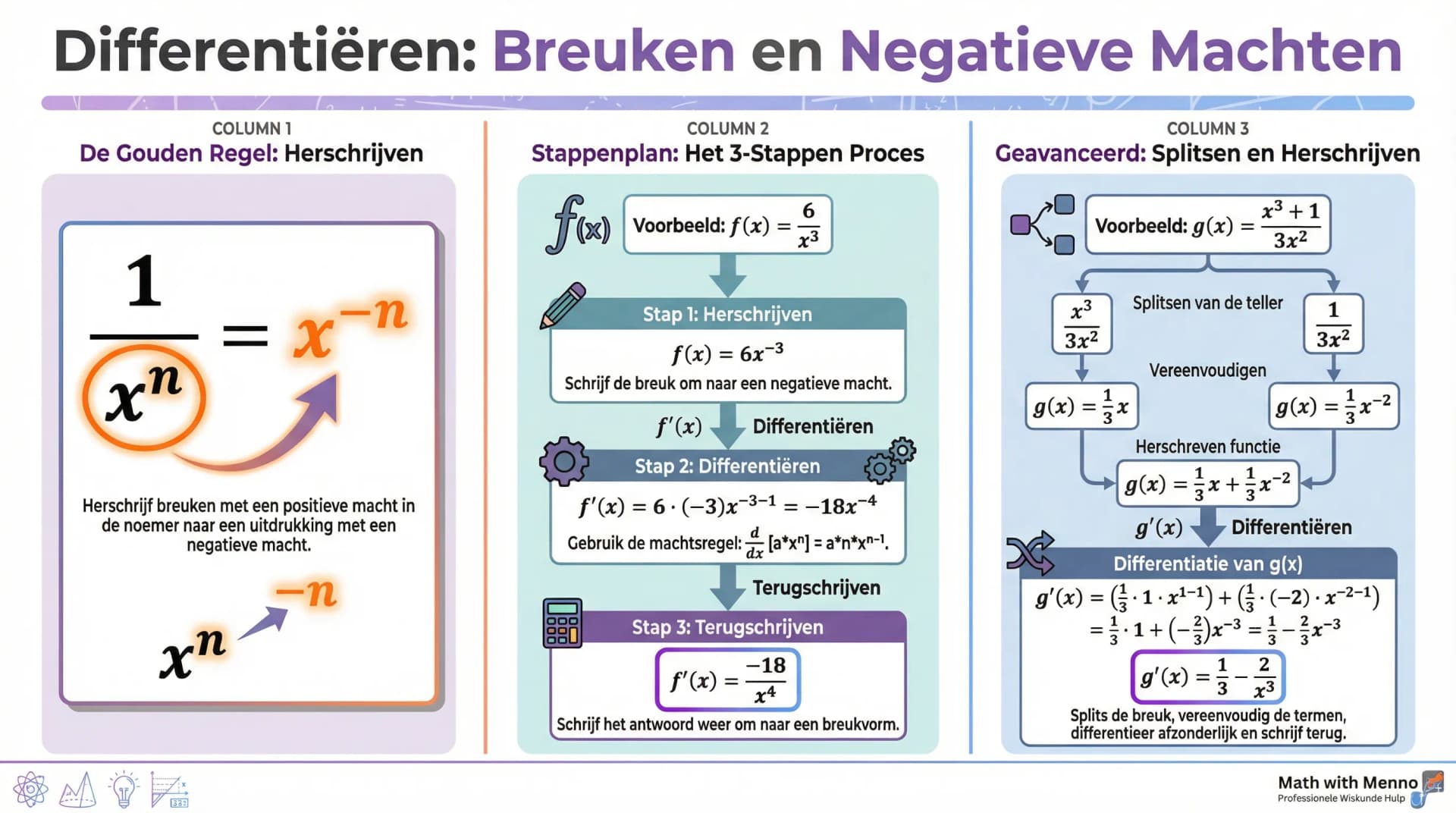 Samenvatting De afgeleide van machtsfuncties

==

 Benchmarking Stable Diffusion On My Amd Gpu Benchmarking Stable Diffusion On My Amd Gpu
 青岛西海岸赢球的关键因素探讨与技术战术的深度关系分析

### WORK REQUEST
Set down again, word for word, the stretch of records from the line with "Benchmarking Stable Diffusion On My Amd Gpu Benchmarking" to the line with "青岛西海岸赢球的关键因素探讨与技术战术的深度关系分析", both of those lines included.

### SOLUTION TO THIS EXERCISE
 Benchmarking Stable Diffusion On My Amd Gpu Benchmarking Stable Diffusion On My Amd Gpu
 青岛西海岸赢球的关键因素探讨与技术战术的深度关系分析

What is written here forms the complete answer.